The eye-catching new Gateway Pavilions is the first completed project in Knight Dragon's ambitious vision for the Greenwich Peninsula. Described as taking a marketing suite to a whole new level, the Pavilions act as a 'shop window' to the seven million people who visit Greenwich. The design brief also sought a high quality building feature for this emerging part of east London, which could act as an exhibition and event space, and a destination in its own right.

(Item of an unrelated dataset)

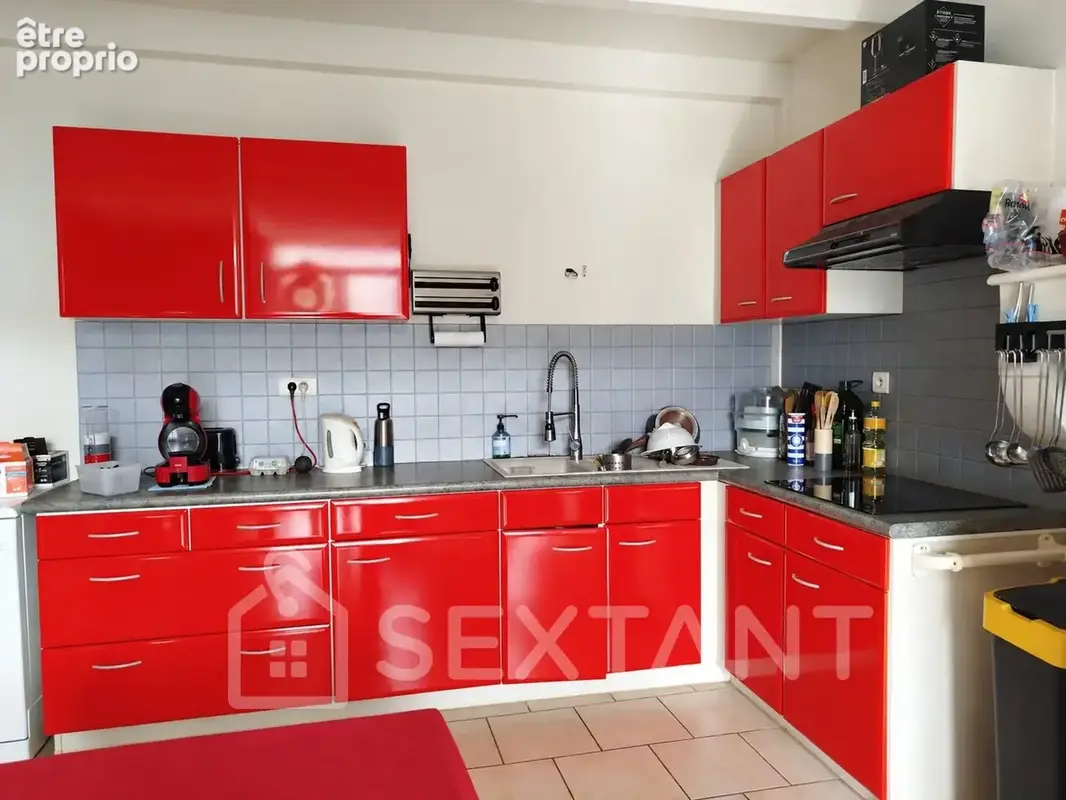 Charmante maison en pierre avec grange et jardin  3 chambres  135 m² habitables - photo 6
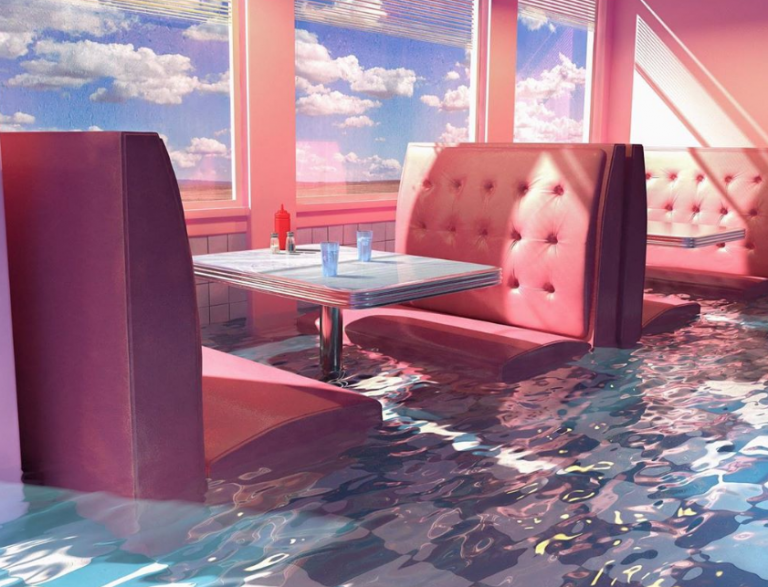 «Βουτιά» στην δυστοπία της κλιματικής αλλαγής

Gemma Collins, Director at Marks Barfield Architects, explained that they required a high quality product and a company willing to collaborate in order for their idea to develop from concept to finished product. She observed that SAS International was open to pushing the parameters of its product, testing the complex geometry required and exploring the manufacturing process through a series of mock-ups, allowing the architects to satisfy themselves that the product could be used in a new way to help them achieve their vision, while maximising the efficiency of materials.

The ceiling not only spans two curved glass pavilions externally but is also expressed internally, forming a distinctive, highly-visible feature in the double height space.

Working alongside Marks Barfield Architects and the main contractor Wates on the bold design, SAS International knew that the highly detailed and bespoke nature of the project meant there were a number of design complexities to be overcome. The initial challenge was to develop a ceiling solution that could span the curve. SAS International worked closely with the project design team to evolve its popular linear Tubeline ceiling system to meet the brief.

SAS International manufactured a Curved Tubeline solution as well as a modular plate to mount to the internal walls to precisely follow the curve of the building core. The alternating vertical tubes and oak slats were mounted into individually located recesses in the curve plate to hold their exact position, with the horizontal tubes radiating outwards.

Since an acoustic treatment was also important for the interior, acoustic absorption materials were mounted first onto the soffits of the building's interior, before the tubes were installed on the strut channel grid. The metal tubes and the black fly mesh used for the exterior were also carefully suspended using a brand new concealed bracket to suspend the tubes away from the mesh and cope with the high wind loads. SAS International used a rapid 3D prototyping method to create the bespoke fixing bracket.

A product mock-up was installed at SAS International's Reading base so that Marks Barfield Architects could see exactly how the Curved Tubeline ceiling system would work. A mock-up was also constructed to show how the concealed fly mesh specified for the exterior would look.

The ability to meet both the form and function of the design was the main reason SAS International was chosen for the project.